(WORK INSTRUCTION)
Using the material that follows, output exactly the lines from the one containing "Fisherman Classic Aran Cabled Jumper" through the one containing "DIY 북 누크 키트, 3D", with both ends kept.
---------- TASK INPUTS
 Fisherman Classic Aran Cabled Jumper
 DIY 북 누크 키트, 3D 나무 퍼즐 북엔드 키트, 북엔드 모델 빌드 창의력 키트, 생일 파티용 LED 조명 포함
--------------------
---------- TASK INPUTS
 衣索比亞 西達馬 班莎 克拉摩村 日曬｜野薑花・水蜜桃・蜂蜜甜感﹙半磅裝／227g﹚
--------------------
(PROBLEM SOLUTION)
 Fisherman Classic Aran Cabled Jumper
 DIY 북 누크 키트, 3D 나무 퍼즐 북엔드 키트, 북엔드 모델 빌드 창의력 키트, 생일 파티용 LED 조명 포함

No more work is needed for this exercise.